Yerel seçimler yaklaştıkça, iktidar ve muhalefet partilerinin adayları birer birer açıklandıkça; Gazi Mustafa Kemal Atatürk’ün bize emanet ettiği güzel vatanımızda siyasetin yerlerde süründüğüne bir defa daha şahit olmaktayız.
İnsanın bir inancı, bir fikri, bir ideali, bir duruşu, geleceğe dair bir hayali olur. İnsanın yaşama gayesi de bu eksende şekillenir.
Yüce Allah’ın kendine muhatap kabul edip yarattığı insanoğlu yaşam tarzını, dostunu, düşmanını seçer, bir ölçü dahilinde yaşamaya çalışır. Bu konuda başarısı nispetinde gerek Allah gerek kul nazarında değer bulur.
Zaten yüce Allah, kullarını bu dünya sahnesinde imtihan için yarattığını; kimin güzel kimin kötü işler yapacağını tespit edeceğini hem bizatihi kendinin şahitlik edeceğini hem kulları hem melekleri şahit tutacağını haber vermiştir.
“O ki, hanginizin daha güzel davranacağını sınamak için ölümü ve hayatı yaratmıştır. O, mutlak galiptir, çok bağışlayıcıdır.” (Mülk/2)
“Fakat Allah, sana indirdiğiyle şahitlik eder ki, O, bunu kendi ilmiyle indirmiştir. Melekler de şahittirler. Şahit olarak Allah yeter.” (Nisa/166)
Dünyada kötülükten korunup iyiliğe hizmet etmenin, doğru olan ölçülere uymanın, doğru kalmanın, ne kadar zor olduğunu ancak Peygamberler, kâmil insanlar ve hesap korkusu taşıyanlar anlamışlar.
Âlemlere Rahmet Hazreti Muhammed (s.a.v.), bir hadislerinde doğru olabilmenin ne kadar zor bir iş olduğuna dikkat çekmiştir: “Hud suresi Beni kocattı”
Peygamberimizin dikkat çekmek istediği Hud suresi 112. Ayettir. “Öyle ise emrolunduğun gibi dosdoğru ol. Beraberindeki tevbe edenler de dosdoğru olsunlar. Hak ve adalet ölçülerini aşmayın. Şüphesiz O yaptıklarınızı hakkıyla görür”
İlahi mesajı anlamaktan gafil olanlar da bu dünyanın oyun ve oyuncaklığına aldanmış, dünyanın cilvesine kapılmış, çalmış-çırpmış, almış-satmış ama sonunda hesap vermek üzere Rabbinin huzuruna çıkmaktan kurtulamamıştır.

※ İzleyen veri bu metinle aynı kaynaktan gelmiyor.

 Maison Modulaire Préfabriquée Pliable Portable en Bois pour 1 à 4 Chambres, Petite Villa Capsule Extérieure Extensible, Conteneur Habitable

İnsanların yaşam tarzına, düşünce yapısına, insanca yaşayıp yaşayamamasına, direk etki eden siyaset sahnesi; eski siyasilerin söylem ve eylemeleriyle çok kirlenmiştir. Dün kara dediğine bugün ak diyenler; sözde dindar, sözde muhafazakâr, sözde Atatürkçü diye adı geçenler; ideal diye yılladır milletimize yutturdukları şeyleri inkâr etmektedirler. Bu sebeple iktidar uğruna, makam uğruna, “omurgasız bir siyaset” oluşmuştur.
En son meclis oylaması, mevcutların ne kadar omurgasız bir siyaset izlediğini anlamak için yeterlidir. İsveç’in NATO’ya alınmaması gerektiği konusunda mangalda kül bırakmayanlar, bugün sözlerini inkâr ettiler ve söylemlerinin tersi bir eylem ortaya koydular.
Bütün olumsuzluklara rağmen bugün milletimize “omurgasız siyasete” mahkûm olmadığını hatırlatan bir lider, bir kadro mevcuttur.
Prof. Dr. Haydar Baş’ın özenle yetiştirdiği, Av. Hüseyin Baş ve lideri olduğu Bağımsız Türkiye Partisi, milletimize kapılarını sonuna kadar açmıştır. Bu seçimde size dayatılan “omurgasız siyasete” ders, BTP kadrolarına da bir şans verme zamanıdır.
Yazımızı BTP lideri Av. Hüseyin Baş’ın son Twettir mesajıyla bitirelim:
“Ey muhafazakârlar, Kur’an-ı Kerim yakılmasına müsaade eden İsveç’e evet dediniz.
Ey milliyetçiler, PKK’ya destek veren İsveç’e evet dediniz.
Ey Atatürkçüler, Türkiye Cumhuriyeti’ne aleni düşmanlık yapan İsveç’e evet dediniz.
Yazıklar olsun…”
Şimdi sıra sizde; siz de sandıkta bunlara ‘yazıklar olsun deyip’ “omurgasız siyaseti” saf dışı bırakınız.